Using Deep Learning to Predict QT Prolongation in ICU Patients on Antipsychotic Therapy: A Case Study

Abstract

QT prolongation is a significant cardiac risk factor, particularly in ICU patients undergoing antipsychotic therapy, where it can lead to life-threatening arrhythmias such as torsades de pointes or sudden cardiac arrest.
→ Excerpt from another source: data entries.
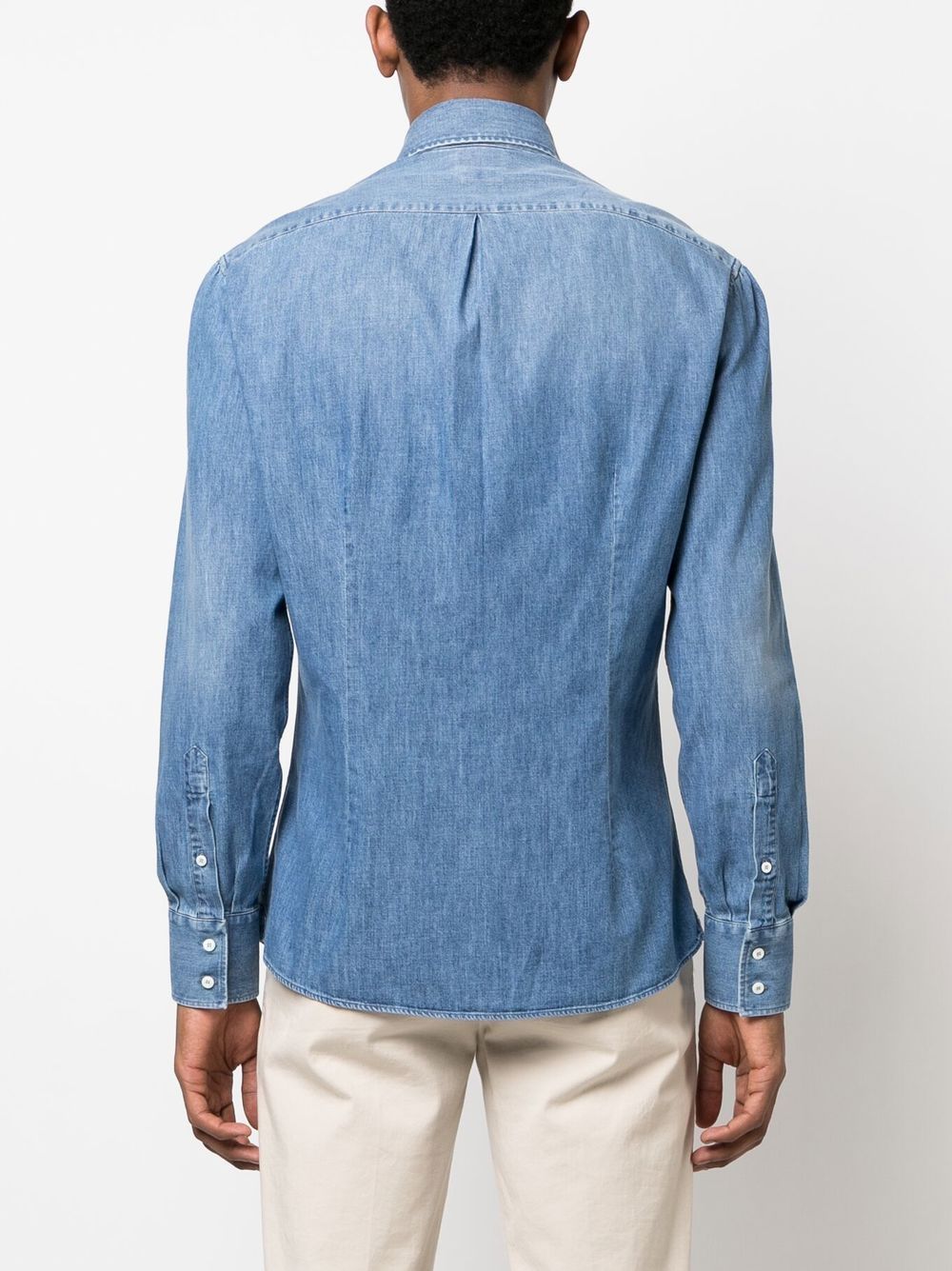 Brunello Cucinelli Camicia in denim di cotone blu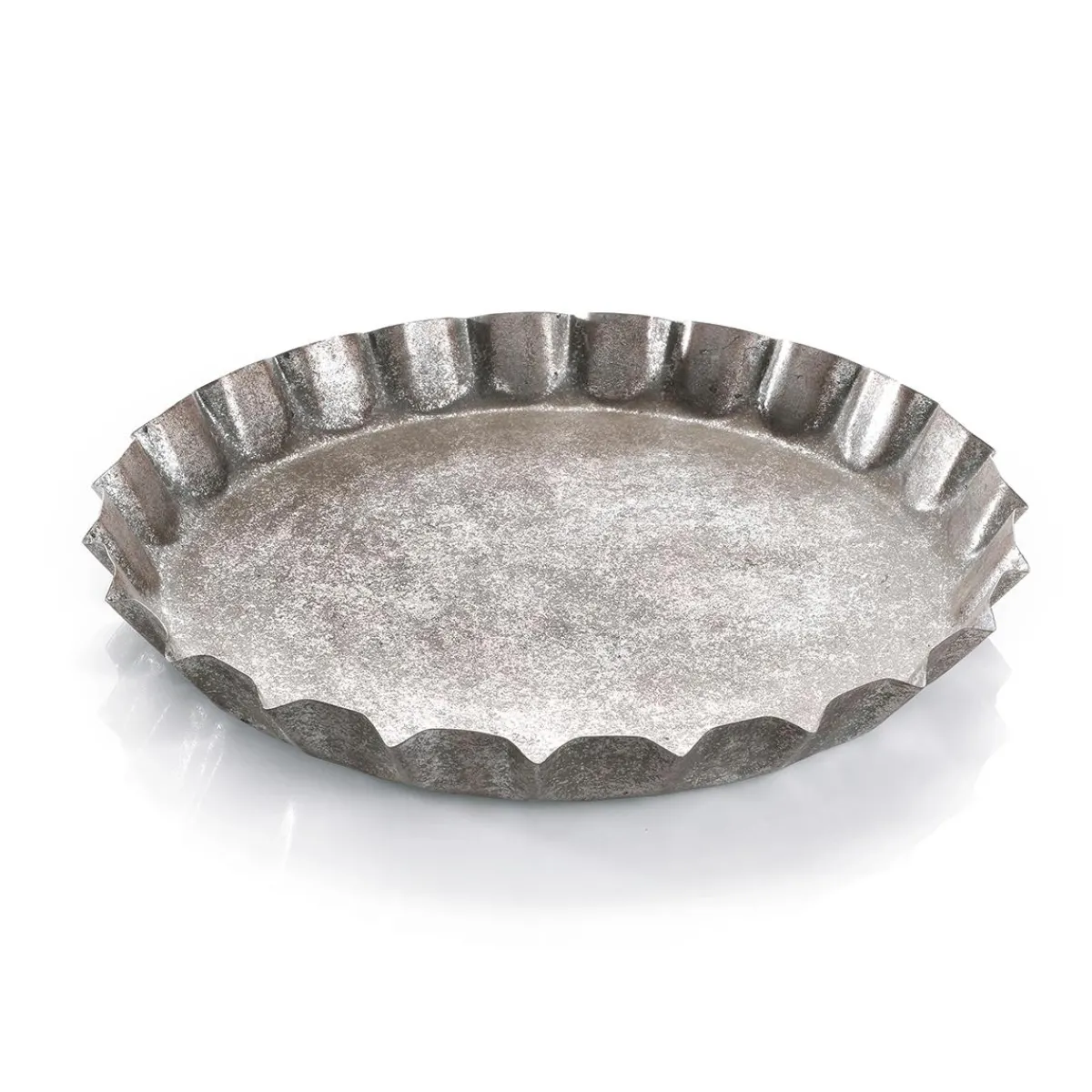 Decoración De Verano>DecoWoerner Bandeja De Corcho Con Corona De Metal, 30 Cm Ø, 4 Cm De Altura plata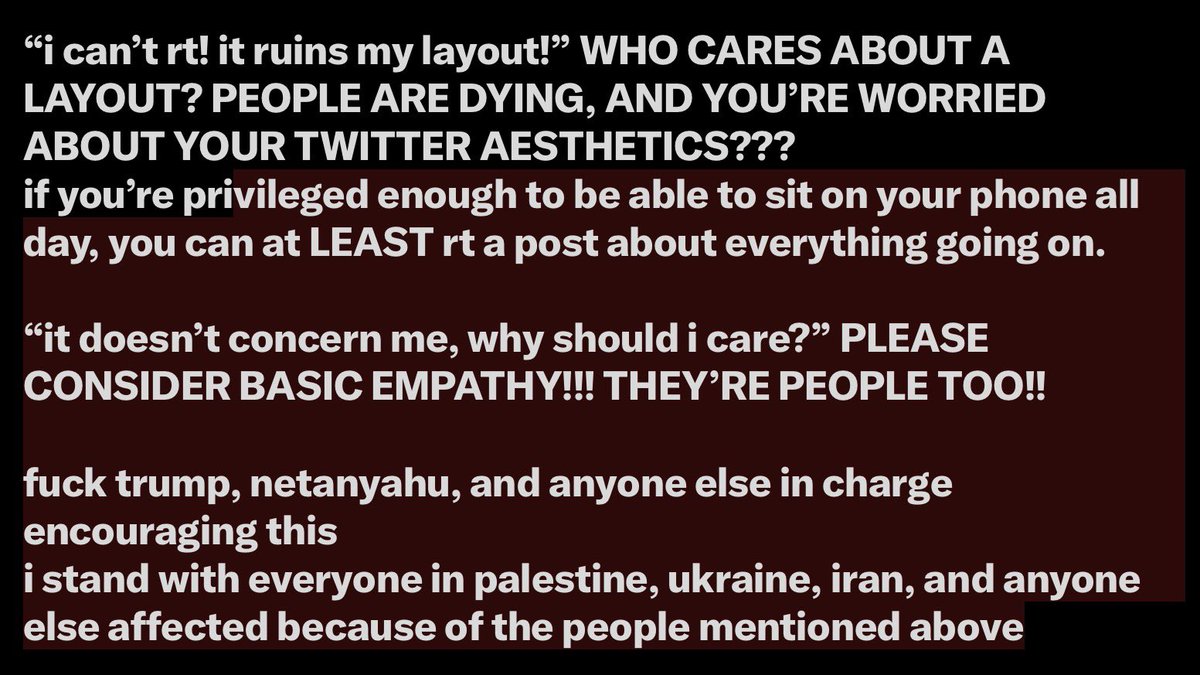 1NCASE1MAKE1T's tweet photo. hi, dropping the typing quirk so this is hopefully readable to more people
not used to making serious posts like this, but i’d like to put my input in
do not be silent, speak up whenever you can https://t.co/KgCtN41fvv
This study presents a robust deep-learning approach using Long Short-Term Memory (LSTM) networks to predict QT prolongation based on clinically relevant features, including demographics, electrolyte levels, heart rate, and medication types. A synthetic dataset mimicking ICU patient profiles was used for model training and evaluation, achieving high accuracy, precision, and recall. The model demonstrated strong discriminatory power, with an Area under the Curve (AUC) of 0.94, and effectively balanced sensitivity and specificity, ensuring reliable predictions for both prolonged and normal QT intervals. Performance metrics, including ROC and Precision-Recall curves, and a confusion matrix validated the model’s robustness and generalizability. Key strengths include minimal overfitting and adaptability for real-time ICU deployment. While the use of synthetic data provided a controlled environment for evaluation, validation on real-world datasets is necessary for clinical adoption. This study highlights the potential of integrating deep learning models into ICU workflows to enable early detection of QT prolongation, guide personalized treatment strategies, and improve patient outcomes.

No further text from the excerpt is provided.